ANOTHER “heads up”. ALL READERS should log on to the most recent blog on the Astro Wright website, dealing with “outre ideas”, and read my response ASAP! THEN: RSVP on the most recent SETI post on this website(I think it is the one about FRB’s as propulsion for lightsails)!!!
Re: Heidi Fern Mach Effect Thruster.
These devices Seems to be the most likely to yield undisputable results.
and seem grounded in a theory (Mach inertia derived from W-F absorber theory) that negates the Perpetual motion machine argument.
Unfortunately, the effect is much smaller in magnitude than Sonny White’s
laboratory results. And the great caveat, that is a lot charge being placed on
those Piezo Electric devices. Are there good papers on how they behave at high voltages and currents, individual as well as stacked PZ configurations?

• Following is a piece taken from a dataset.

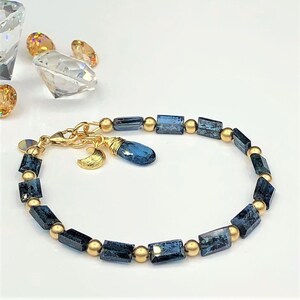 Teal Moss Kyanite Gemstone Bracelet Handmade in MATTE Gold Jewelry Gift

Rob, I don’t have the answer on papers on this effect, but I’m looking into a Tau Zero review of the concept that would appear here and contain that information. I hope I can get this together some time soon, though much depends on the schedule of possible contributors.
W-F Absorber theory seems rather speculative itself and makes assumptions about how the universe works. And how would it negate the perpetual motion machine argument? Where would the energy come from because it’s going to gain more kinetic energy than is directly put into it in some frame. Even Woodward states this yet he doesn’t see it as a problem anymore than Shawyer does. They both see it as a phony problem based on flawed assumptions.
The work of Woodward/Fearn leads to the same exact issue as the EmDrive yet physicists somehow see it as more palatable because they claim the theory is more comprehensible. It’s also more palatable because the effect is a lot smaller which makes it less of a threat in the near term.
” And how would it negate the perpetual motion machine argument? ”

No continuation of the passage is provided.